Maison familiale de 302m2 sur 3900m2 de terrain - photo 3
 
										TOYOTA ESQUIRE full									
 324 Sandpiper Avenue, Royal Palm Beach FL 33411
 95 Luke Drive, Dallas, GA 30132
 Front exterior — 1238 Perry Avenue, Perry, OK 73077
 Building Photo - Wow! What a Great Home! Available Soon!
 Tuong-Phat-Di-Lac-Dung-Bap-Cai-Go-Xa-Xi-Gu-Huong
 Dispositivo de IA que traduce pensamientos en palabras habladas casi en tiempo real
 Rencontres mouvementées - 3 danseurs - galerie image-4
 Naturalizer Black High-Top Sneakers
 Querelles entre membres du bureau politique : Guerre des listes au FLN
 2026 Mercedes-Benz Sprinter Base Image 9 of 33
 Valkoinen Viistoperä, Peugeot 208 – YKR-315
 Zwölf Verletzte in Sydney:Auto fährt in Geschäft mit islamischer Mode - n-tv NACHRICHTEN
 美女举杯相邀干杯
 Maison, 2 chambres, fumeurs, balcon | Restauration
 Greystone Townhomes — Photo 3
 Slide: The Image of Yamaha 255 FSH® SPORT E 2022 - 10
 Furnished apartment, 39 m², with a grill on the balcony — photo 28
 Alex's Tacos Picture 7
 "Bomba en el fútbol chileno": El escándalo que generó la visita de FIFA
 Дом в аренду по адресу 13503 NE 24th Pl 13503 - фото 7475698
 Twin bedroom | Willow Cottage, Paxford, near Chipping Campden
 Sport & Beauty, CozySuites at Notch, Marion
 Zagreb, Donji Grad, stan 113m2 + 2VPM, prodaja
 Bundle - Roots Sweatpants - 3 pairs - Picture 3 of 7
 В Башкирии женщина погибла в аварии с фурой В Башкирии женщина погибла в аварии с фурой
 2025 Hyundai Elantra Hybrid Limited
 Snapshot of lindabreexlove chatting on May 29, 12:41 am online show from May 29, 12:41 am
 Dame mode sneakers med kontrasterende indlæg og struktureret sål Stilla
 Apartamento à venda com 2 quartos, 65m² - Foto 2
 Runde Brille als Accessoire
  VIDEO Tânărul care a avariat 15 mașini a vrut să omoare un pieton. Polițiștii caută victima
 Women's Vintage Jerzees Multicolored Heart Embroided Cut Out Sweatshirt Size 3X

▶ [WHAT TO DO]:
The expected result is a copy of each line in the records where "Picture" appears.

▶ [SOLUTION FOR THIS PROBLEM]:
 Alex's Tacos Picture 7
 Bundle - Roots Sweatpants - 3 pairs - Picture 3 of 7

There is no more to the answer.